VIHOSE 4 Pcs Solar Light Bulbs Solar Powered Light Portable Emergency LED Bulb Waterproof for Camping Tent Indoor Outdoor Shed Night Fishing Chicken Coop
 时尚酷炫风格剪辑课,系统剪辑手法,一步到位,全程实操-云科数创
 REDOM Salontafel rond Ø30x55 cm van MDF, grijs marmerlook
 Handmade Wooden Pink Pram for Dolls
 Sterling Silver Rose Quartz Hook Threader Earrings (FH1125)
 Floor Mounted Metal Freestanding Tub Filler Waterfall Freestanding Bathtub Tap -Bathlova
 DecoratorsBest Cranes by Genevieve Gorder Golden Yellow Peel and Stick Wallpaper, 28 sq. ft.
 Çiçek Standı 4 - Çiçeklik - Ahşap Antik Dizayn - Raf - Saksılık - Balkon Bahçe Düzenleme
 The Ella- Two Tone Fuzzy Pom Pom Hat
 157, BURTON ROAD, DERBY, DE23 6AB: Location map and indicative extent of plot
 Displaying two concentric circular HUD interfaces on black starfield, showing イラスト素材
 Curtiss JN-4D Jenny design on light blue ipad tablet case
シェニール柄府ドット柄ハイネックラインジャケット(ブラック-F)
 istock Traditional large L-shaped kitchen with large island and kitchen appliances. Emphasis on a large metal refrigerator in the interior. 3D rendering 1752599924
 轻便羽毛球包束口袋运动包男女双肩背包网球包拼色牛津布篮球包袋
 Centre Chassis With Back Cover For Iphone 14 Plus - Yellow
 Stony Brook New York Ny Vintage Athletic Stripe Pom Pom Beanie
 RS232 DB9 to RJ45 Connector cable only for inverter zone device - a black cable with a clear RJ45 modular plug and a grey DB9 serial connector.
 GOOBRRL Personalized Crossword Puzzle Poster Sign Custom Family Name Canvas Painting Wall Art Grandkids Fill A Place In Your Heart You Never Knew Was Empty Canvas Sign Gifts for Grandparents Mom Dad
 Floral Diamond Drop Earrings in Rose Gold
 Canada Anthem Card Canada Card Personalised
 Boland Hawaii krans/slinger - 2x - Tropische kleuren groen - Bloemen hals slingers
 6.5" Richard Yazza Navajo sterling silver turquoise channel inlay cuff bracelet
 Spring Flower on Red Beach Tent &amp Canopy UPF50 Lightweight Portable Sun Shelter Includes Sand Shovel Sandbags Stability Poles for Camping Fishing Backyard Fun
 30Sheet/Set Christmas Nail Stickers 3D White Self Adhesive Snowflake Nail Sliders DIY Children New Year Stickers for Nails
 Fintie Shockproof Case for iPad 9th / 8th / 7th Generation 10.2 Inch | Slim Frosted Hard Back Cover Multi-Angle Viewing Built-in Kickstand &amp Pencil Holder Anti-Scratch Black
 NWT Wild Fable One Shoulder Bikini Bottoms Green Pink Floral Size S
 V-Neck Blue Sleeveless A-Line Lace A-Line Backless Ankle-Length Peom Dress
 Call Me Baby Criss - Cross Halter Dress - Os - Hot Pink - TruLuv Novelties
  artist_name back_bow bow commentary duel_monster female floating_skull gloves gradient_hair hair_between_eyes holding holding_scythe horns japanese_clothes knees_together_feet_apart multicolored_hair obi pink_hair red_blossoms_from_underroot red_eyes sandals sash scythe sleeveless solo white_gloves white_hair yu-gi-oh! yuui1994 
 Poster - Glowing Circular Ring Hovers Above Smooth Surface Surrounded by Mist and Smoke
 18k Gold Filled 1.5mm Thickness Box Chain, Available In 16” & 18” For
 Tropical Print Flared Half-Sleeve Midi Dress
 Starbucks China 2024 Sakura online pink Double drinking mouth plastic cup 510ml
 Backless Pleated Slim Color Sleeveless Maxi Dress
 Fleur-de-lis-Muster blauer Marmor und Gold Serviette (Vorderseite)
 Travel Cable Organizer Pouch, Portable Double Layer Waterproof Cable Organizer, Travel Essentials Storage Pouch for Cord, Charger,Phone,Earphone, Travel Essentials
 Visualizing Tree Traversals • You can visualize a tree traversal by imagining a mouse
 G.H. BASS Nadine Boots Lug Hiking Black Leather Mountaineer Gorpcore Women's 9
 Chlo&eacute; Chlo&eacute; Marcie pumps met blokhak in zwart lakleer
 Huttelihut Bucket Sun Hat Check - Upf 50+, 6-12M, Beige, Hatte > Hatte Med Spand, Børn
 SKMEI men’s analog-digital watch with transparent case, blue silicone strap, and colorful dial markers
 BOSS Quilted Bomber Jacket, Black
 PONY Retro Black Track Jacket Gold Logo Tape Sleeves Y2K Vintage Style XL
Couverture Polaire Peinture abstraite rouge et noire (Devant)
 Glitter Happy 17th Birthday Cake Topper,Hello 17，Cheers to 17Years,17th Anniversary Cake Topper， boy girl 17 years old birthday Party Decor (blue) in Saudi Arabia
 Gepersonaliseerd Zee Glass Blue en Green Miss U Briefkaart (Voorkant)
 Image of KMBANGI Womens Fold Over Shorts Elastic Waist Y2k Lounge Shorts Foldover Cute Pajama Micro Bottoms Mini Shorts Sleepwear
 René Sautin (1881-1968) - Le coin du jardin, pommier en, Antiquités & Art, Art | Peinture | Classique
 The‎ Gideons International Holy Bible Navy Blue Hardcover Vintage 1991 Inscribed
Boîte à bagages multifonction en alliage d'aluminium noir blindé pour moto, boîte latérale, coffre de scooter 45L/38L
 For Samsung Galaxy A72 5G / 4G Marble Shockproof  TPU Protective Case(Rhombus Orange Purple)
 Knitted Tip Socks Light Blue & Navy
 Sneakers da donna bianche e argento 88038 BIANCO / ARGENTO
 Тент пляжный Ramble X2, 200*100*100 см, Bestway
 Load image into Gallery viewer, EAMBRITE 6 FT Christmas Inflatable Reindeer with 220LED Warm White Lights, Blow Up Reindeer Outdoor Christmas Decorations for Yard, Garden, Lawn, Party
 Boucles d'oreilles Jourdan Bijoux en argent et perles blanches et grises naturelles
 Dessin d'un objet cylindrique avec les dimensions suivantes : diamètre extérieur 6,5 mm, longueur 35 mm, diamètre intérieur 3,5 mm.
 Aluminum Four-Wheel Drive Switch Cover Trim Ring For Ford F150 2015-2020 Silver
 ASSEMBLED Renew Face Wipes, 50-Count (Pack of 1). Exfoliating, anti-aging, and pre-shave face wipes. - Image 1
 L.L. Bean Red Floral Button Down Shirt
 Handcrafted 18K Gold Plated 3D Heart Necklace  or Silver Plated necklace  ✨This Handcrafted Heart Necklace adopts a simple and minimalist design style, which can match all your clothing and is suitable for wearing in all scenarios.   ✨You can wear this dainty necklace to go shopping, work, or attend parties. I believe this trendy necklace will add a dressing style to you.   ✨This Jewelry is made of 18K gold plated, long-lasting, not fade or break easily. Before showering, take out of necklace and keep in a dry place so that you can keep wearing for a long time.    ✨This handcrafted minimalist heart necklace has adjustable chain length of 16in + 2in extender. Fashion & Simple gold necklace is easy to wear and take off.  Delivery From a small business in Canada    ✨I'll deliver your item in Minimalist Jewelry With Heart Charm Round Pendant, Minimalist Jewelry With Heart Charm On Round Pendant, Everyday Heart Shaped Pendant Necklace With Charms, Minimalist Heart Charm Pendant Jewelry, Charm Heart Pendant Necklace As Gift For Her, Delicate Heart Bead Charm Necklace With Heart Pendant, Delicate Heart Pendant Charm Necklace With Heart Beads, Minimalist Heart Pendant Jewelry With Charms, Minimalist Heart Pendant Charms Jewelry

++++++

__EXERCISE AIM__: The listing above holds a line with "NWT Wild Fable" and a line with "Image of KMBANGI". Print the stretch from the first through the second, exactly and alone.

__WORKED SOLUTION__:
 NWT Wild Fable One Shoulder Bikini Bottoms Green Pink Floral Size S
 V-Neck Blue Sleeveless A-Line Lace A-Line Backless Ankle-Length Peom Dress
 Call Me Baby Criss - Cross Halter Dress - Os - Hot Pink - TruLuv Novelties
  artist_name back_bow bow commentary duel_monster female floating_skull gloves gradient_hair hair_between_eyes holding holding_scythe horns japanese_clothes knees_together_feet_apart multicolored_hair obi pink_hair red_blossoms_from_underroot red_eyes sandals sash scythe sleeveless solo white_gloves white_hair yu-gi-oh! yuui1994 
 Poster - Glowing Circular Ring Hovers Above Smooth Surface Surrounded by Mist and Smoke
 18k Gold Filled 1.5mm Thickness Box Chain, Available In 16” & 18” For
 Tropical Print Flared Half-Sleeve Midi Dress
 Starbucks China 2024 Sakura online pink Double drinking mouth plastic cup 510ml
 Backless Pleated Slim Color Sleeveless Maxi Dress
 Fleur-de-lis-Muster blauer Marmor und Gold Serviette (Vorderseite)
 Travel Cable Organizer Pouch, Portable Double Layer Waterproof Cable Organizer, Travel Essentials Storage Pouch for Cord, Charger,Phone,Earphone, Travel Essentials
 Visualizing Tree Traversals • You can visualize a tree traversal by imagining a mouse
 G.H. BASS Nadine Boots Lug Hiking Black Leather Mountaineer Gorpcore Women's 9
 Chlo&eacute; Chlo&eacute; Marcie pumps met blokhak in zwart lakleer
 Huttelihut Bucket Sun Hat Check - Upf 50+, 6-12M, Beige, Hatte > Hatte Med Spand, Børn
 SKMEI men’s analog-digital watch with transparent case, blue silicone strap, and colorful dial markers
 BOSS Quilted Bomber Jacket, Black
 PONY Retro Black Track Jacket Gold Logo Tape Sleeves Y2K Vintage Style XL
Couverture Polaire Peinture abstraite rouge et noire (Devant)
 Glitter Happy 17th Birthday Cake Topper,Hello 17，Cheers to 17Years,17th Anniversary Cake Topper， boy girl 17 years old birthday Party Decor (blue) in Saudi Arabia
 Gepersonaliseerd Zee Glass Blue en Green Miss U Briefkaart (Voorkant)
 Image of KMBANGI Womens Fold Over Shorts Elastic Waist Y2k Lounge Shorts Foldover Cute Pajama Micro Bottoms Mini Shorts Sleepwear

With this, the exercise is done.